Artificial sweeteners have been getting a bad rap lately, one that has pushed them to the top of the list of additives consumers try to avoid. According to surveys by NMI, a consumer research firm, 59% of Americans say they are concerned about the negative effects of artificial sweeteners. About one-third of them are searching for all-natural, noncaloric sweeteners.
Searching For The Elusive Natural, Noncaloric Sweetener
That wariness explains the popularity of sweeteners derived from the stevia plant, including brands such as Cargill’s Truvia. But stevia use has risen slowly because of supply constraints, the bitter aftertaste of stevia’s glycosides, and problems with consumer perception. “People don’t understand how you get a sweetener from a plant,” says Diane Ray, NMI’s vice president of strategic innovation.
One way to get around stevia’s problems may be to make the glycosides via fermentation by modified yeast. That’s the tactic being pursued by the biotech firm Evolva. Last year the Swiss company joined with Cargill to develop and commercialize fermentation-derived steviol glycosides. The partners began pilot production late last year.
The sweetest and least bitter glycosides occur in only small amounts in the stevia leaf, explains Evolva’s chief executive officer, Neil Goldsmith. “We can make more of these better-tasting components individually even if there are very low concentrations in the plant,” he says. By blending some of the better components together, Evolva could create products sweet enough to flavor soda without the bitter aftertaste.

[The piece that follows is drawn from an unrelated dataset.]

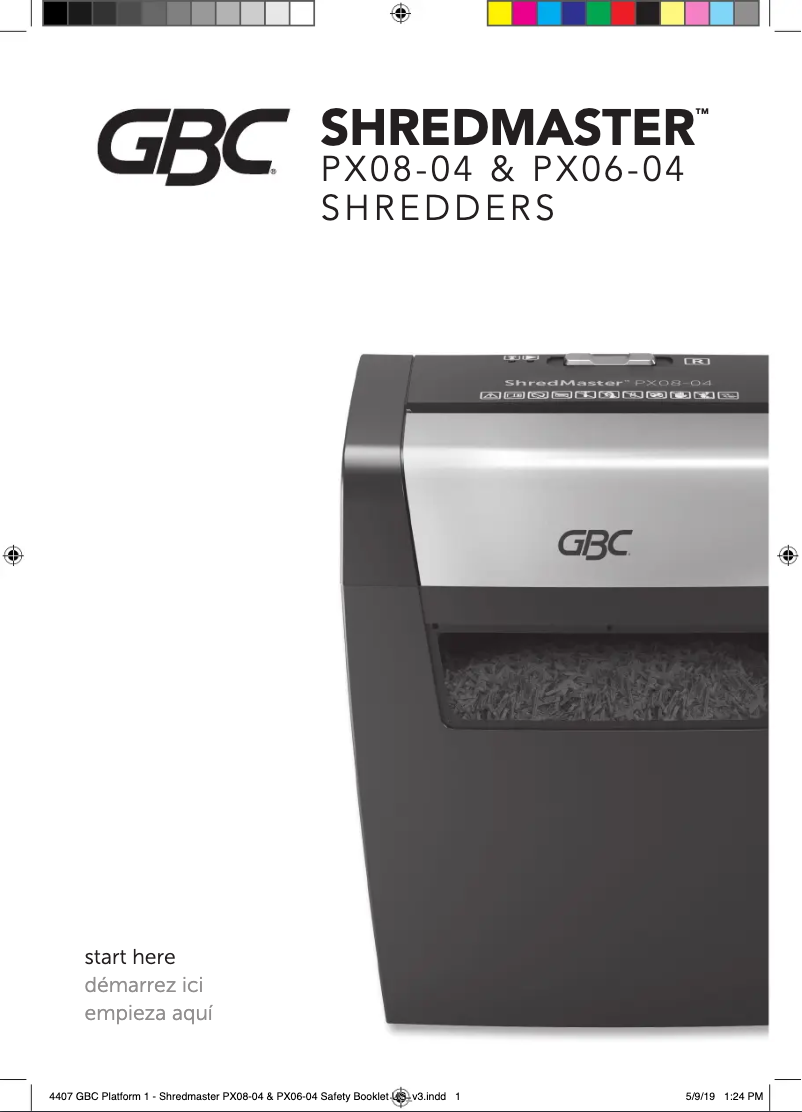 Page 1 de la notice Manuel utilisateur GBC ShredMaster PX06-04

The other benefit is that it may be cheaper and more effective to scale up a fermentation process than to increase production of the stevia plant on the farm. “If you want to access a large amount of those molecules, then fermentation is going to be the only way to go after them,” Goldsmith asserts.
But stevia already has competition from an odd little melon relative called monk fruit. Long known in China as luo han guo, the monk fruit contains sweet components called mogrosides in its rind and flesh. The sweetness is accompanied by a fruity taste, rather than a bitter one.
A New Zealand firm called BioVittoria worked with Tate & Lyle, a Cargill competitor in the sweetener business, to commercialize an extract that is 150 times as sweet as sugar. BioVittoria set up a subsidiary in China to produce monk fruit extract from its own plant variety; the Chinese government prohibits the export of the fruit or its seeds.
Observant Americans may see monk fruit on grocery store shelves in the form of Zevia-brand diet sodas and Skinnygirl liquid sweetener. “The idea of sweetener coming from fruit is a much easier connection for consumers,” Ray says. “When it gets more muscle behind it, it will get consumer attention.”